#### Problem description
Line by line, copy the entries exactly, excluding the pictures.

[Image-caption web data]
----
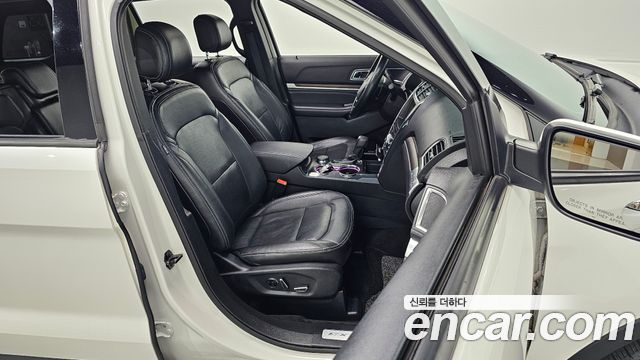 Ford Explorer 2016 — photo 10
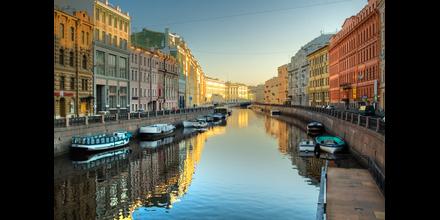 Flug Berlin Sankt Petersburg Ab 53 Billige Fluge Von Berlin Nach Sankt Petersburg Swoodoo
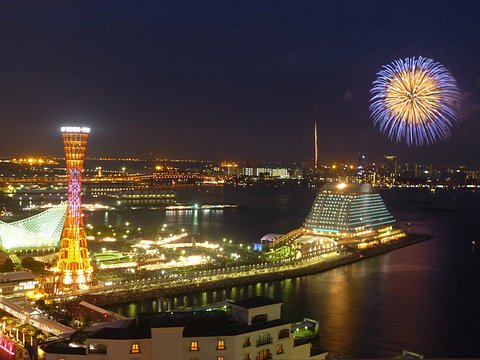 エレガリオ神戸 神戸港の花火イベント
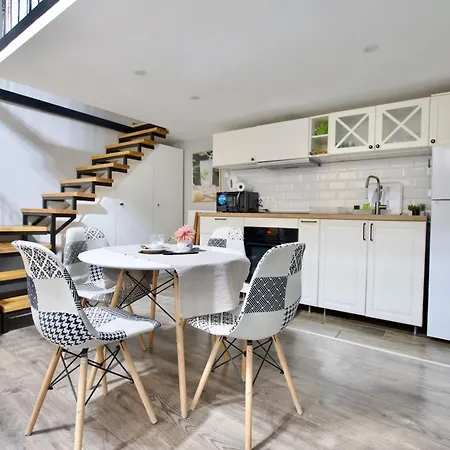 Apartment By Hi5- Rozsa Street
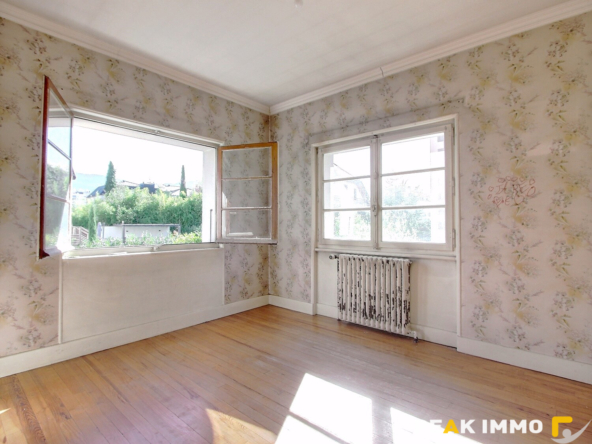 Maison 6 pièces sur terrain 486 m2  - Annecy centre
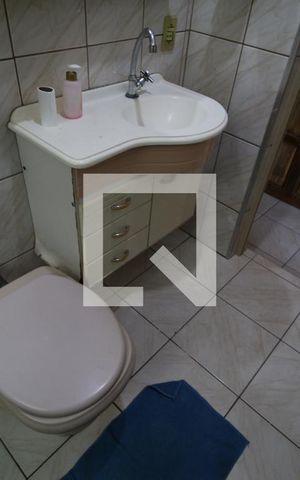 Casa à venda com 180m², 2 quartos e 2 vagasBanheiro 3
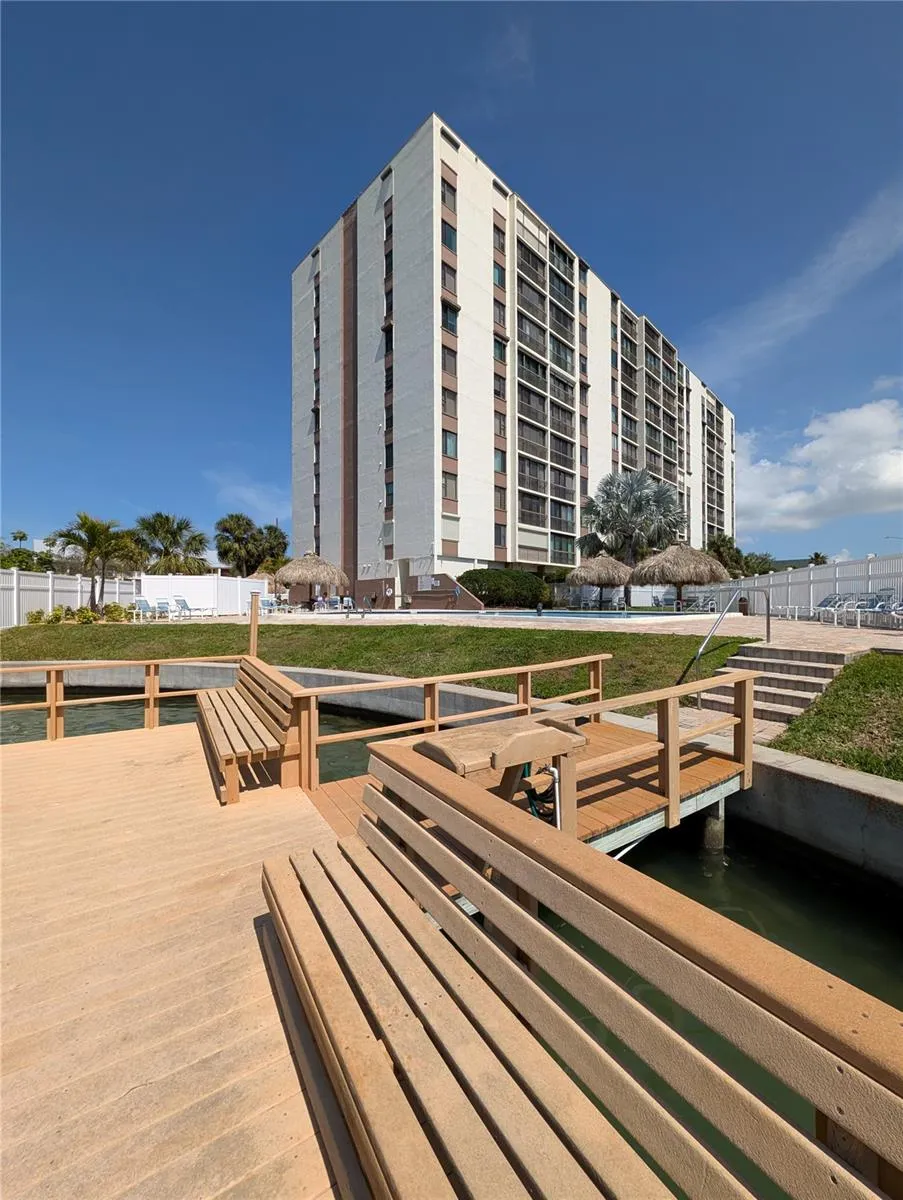 255 DOLPHIN POINT #505 Clearwater Beach, FL 33767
----
#### Task output
 Ford Explorer 2016 — photo 10
 Flug Berlin Sankt Petersburg Ab 53 Billige Fluge Von Berlin Nach Sankt Petersburg Swoodoo
 エレガリオ神戸 神戸港の花火イベント
 Apartment By Hi5- Rozsa Street
 Maison 6 pièces sur terrain 486 m2  - Annecy centre
 Casa à venda com 180m², 2 quartos e 2 vagasBanheiro 3
 255 DOLPHIN POINT #505 Clearwater Beach, FL 33767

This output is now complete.